**EXERCISE**. Return exactly the span of lines in the following data that opens with the line containing "Apartman Vujovic Bileća Exteriér fotografie" and closes with the line containing "Reparto 40 sacos de sal para descalcificador". Include nothing else.

═════ MATERIAL SUPPLIED ═════

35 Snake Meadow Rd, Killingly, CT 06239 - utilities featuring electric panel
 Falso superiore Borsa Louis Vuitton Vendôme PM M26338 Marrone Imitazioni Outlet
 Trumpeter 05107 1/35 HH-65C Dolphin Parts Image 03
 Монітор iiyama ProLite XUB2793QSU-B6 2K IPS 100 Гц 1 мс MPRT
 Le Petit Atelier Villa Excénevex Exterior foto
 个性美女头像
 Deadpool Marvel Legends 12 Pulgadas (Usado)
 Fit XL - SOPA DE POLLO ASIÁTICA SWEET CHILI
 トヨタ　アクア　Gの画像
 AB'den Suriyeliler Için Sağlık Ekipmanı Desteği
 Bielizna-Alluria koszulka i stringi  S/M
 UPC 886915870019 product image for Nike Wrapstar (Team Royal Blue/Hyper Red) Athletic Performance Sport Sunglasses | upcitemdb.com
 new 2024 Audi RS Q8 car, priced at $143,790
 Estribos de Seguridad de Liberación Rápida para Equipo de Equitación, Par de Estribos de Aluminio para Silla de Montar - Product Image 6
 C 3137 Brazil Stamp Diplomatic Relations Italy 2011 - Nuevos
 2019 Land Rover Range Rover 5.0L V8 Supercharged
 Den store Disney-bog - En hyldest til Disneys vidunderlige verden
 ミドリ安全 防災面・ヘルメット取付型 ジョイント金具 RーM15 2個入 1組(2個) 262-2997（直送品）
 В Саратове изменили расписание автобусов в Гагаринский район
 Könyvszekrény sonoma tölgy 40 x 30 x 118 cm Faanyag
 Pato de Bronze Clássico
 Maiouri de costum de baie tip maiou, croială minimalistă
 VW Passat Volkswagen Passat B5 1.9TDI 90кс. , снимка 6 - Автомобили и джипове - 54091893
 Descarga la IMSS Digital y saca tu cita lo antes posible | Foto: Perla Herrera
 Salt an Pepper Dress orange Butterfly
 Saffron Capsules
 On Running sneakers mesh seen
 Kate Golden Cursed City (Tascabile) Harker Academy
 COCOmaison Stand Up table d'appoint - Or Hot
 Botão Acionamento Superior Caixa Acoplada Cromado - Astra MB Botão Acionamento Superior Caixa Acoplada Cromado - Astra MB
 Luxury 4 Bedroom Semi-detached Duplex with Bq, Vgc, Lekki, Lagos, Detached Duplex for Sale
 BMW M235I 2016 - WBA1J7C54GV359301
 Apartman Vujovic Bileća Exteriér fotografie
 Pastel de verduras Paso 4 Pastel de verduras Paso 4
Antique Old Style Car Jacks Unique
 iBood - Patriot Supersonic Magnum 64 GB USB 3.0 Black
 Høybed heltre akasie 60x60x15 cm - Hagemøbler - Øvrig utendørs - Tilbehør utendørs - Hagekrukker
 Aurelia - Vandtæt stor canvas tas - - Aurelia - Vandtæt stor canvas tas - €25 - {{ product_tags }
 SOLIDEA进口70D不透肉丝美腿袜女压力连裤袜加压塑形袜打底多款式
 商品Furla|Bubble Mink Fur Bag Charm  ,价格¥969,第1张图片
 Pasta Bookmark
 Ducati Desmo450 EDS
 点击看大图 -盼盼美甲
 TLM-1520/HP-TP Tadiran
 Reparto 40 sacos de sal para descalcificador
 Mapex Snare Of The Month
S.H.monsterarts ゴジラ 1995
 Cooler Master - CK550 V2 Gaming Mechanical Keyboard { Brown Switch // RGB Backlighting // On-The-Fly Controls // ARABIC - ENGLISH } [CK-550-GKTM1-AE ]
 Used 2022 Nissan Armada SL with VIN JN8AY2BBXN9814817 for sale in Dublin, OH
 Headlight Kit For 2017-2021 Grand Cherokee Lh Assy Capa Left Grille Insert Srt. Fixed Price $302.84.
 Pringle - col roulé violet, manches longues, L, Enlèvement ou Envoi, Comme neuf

═════

**ANSWER FOR THIS EXERCISE**.
 Apartman Vujovic Bileća Exteriér fotografie
 Pastel de verduras Paso 4 Pastel de verduras Paso 4
Antique Old Style Car Jacks Unique
 iBood - Patriot Supersonic Magnum 64 GB USB 3.0 Black
 Høybed heltre akasie 60x60x15 cm - Hagemøbler - Øvrig utendørs - Tilbehør utendørs - Hagekrukker
 Aurelia - Vandtæt stor canvas tas - - Aurelia - Vandtæt stor canvas tas - €25 - {{ product_tags }
 SOLIDEA进口70D不透肉丝美腿袜女压力连裤袜加压塑形袜打底多款式
 商品Furla|Bubble Mink Fur Bag Charm  ,价格¥969,第1张图片
 Pasta Bookmark
 Ducati Desmo450 EDS
 点击看大图 -盼盼美甲
 TLM-1520/HP-TP Tadiran
 Reparto 40 sacos de sal para descalcificador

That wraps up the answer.